**TASK TO COMPLETE**
Word for word, copy the lines from the one with "Nyck de Vries" to the last line of the data below, counting both, and keep every picture out.

**DATASET EXTRACT**
=== Section Start ===

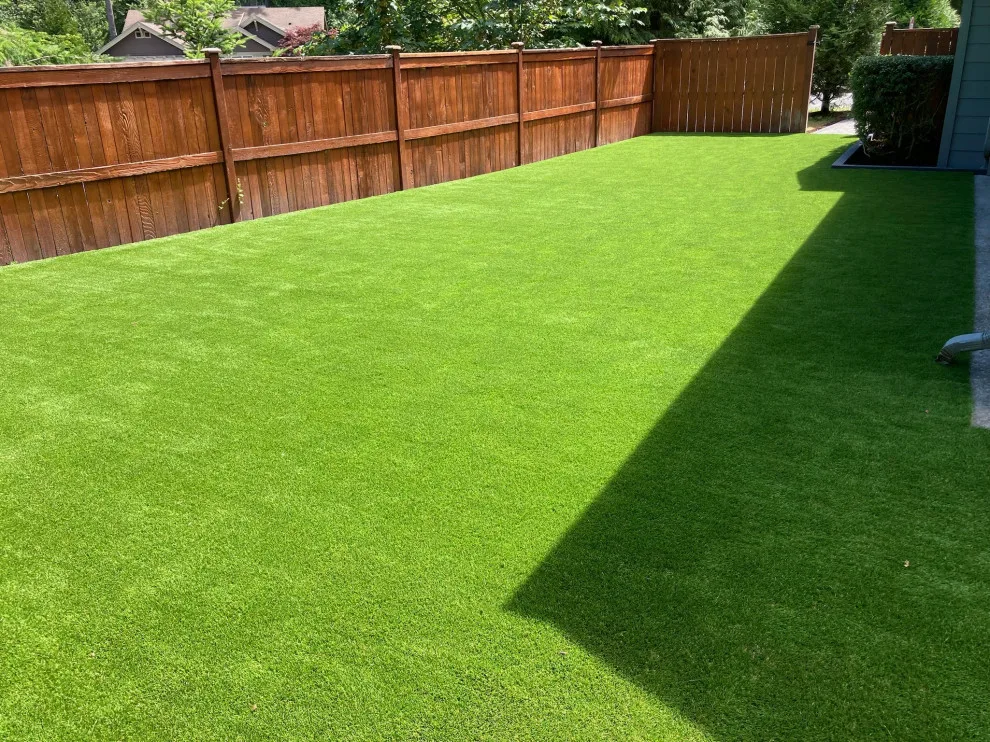 Synthetic Turf - Landscape Design by Custom Pavers & Design - Photo 2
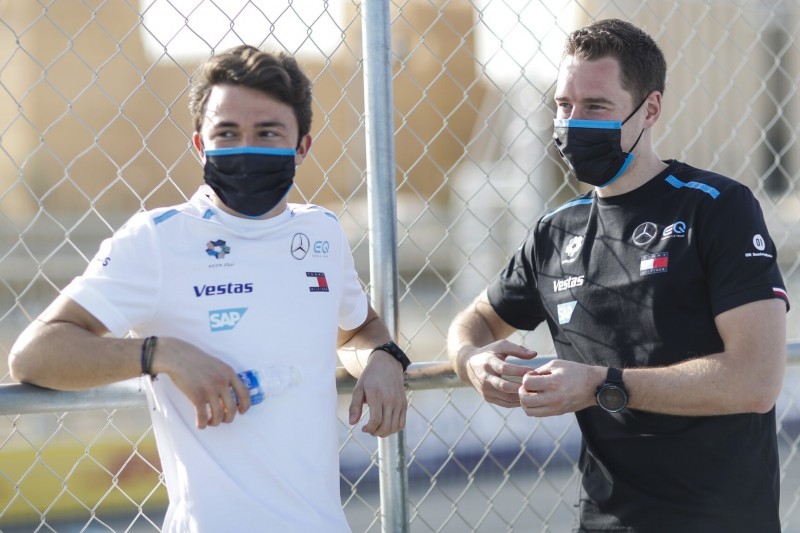 Nyck de Vries verstärkt Mercedes 2021 als Ersatzfahrer neben Vandoorne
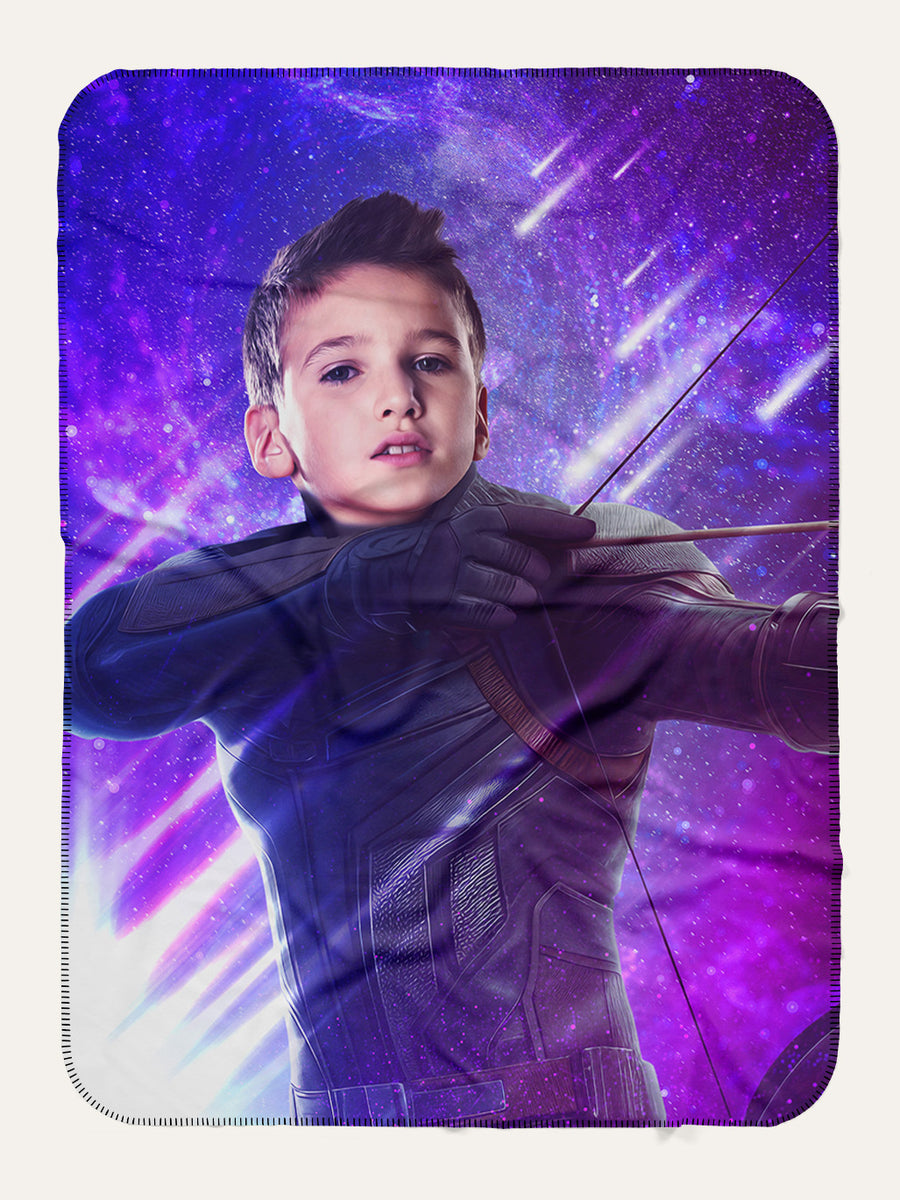 The Archer - Custom Kids Blanket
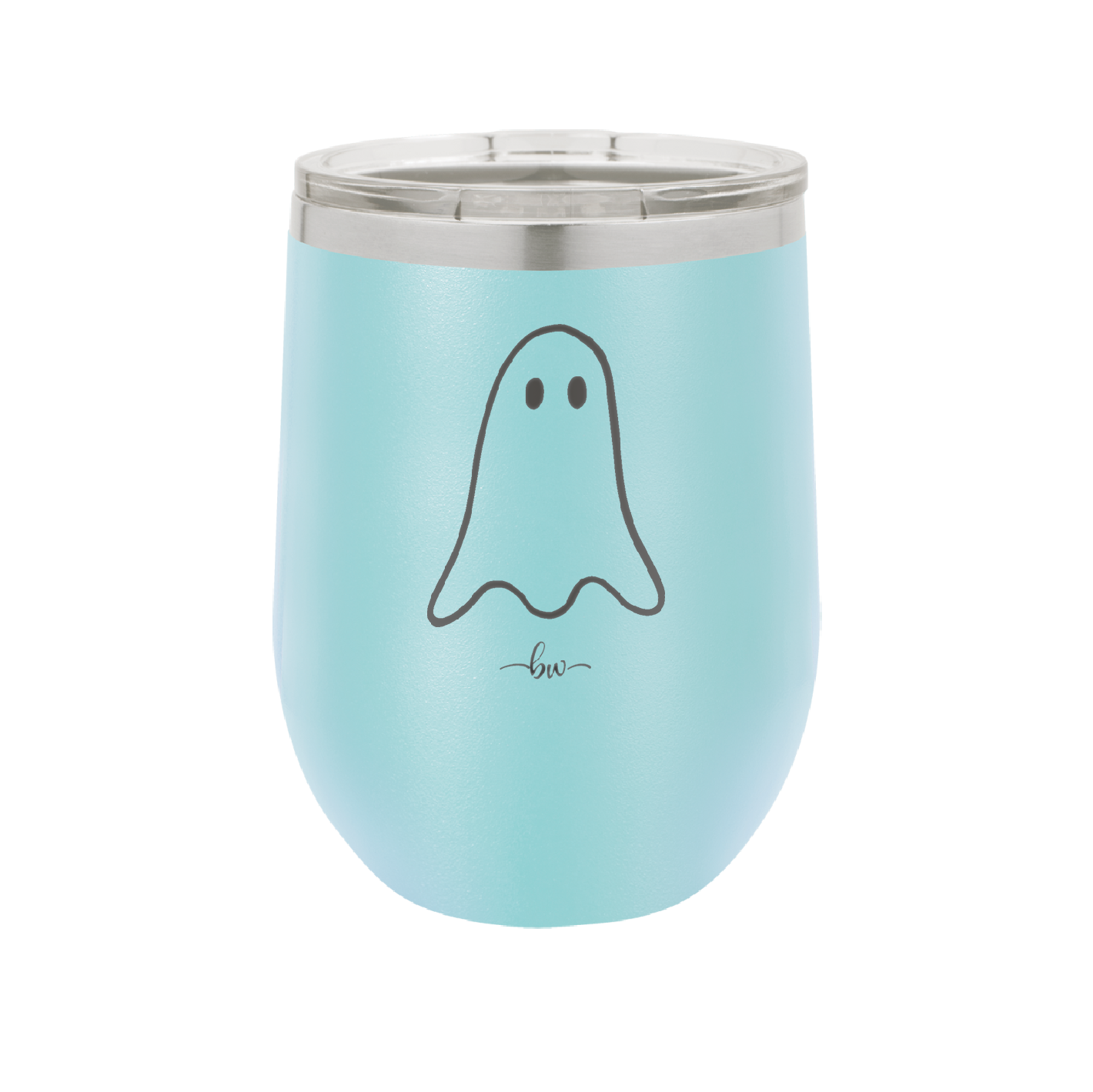 Ghost Guy - Laser Engraved Stainless Steel Drinkware - 1529 -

=== Section End ===

**RESULT FOR THIS TASK**
 Nyck de Vries verstärkt Mercedes 2021 als Ersatzfahrer neben Vandoorne
 The Archer - Custom Kids Blanket
 Ghost Guy - Laser Engraved Stainless Steel Drinkware - 1529 -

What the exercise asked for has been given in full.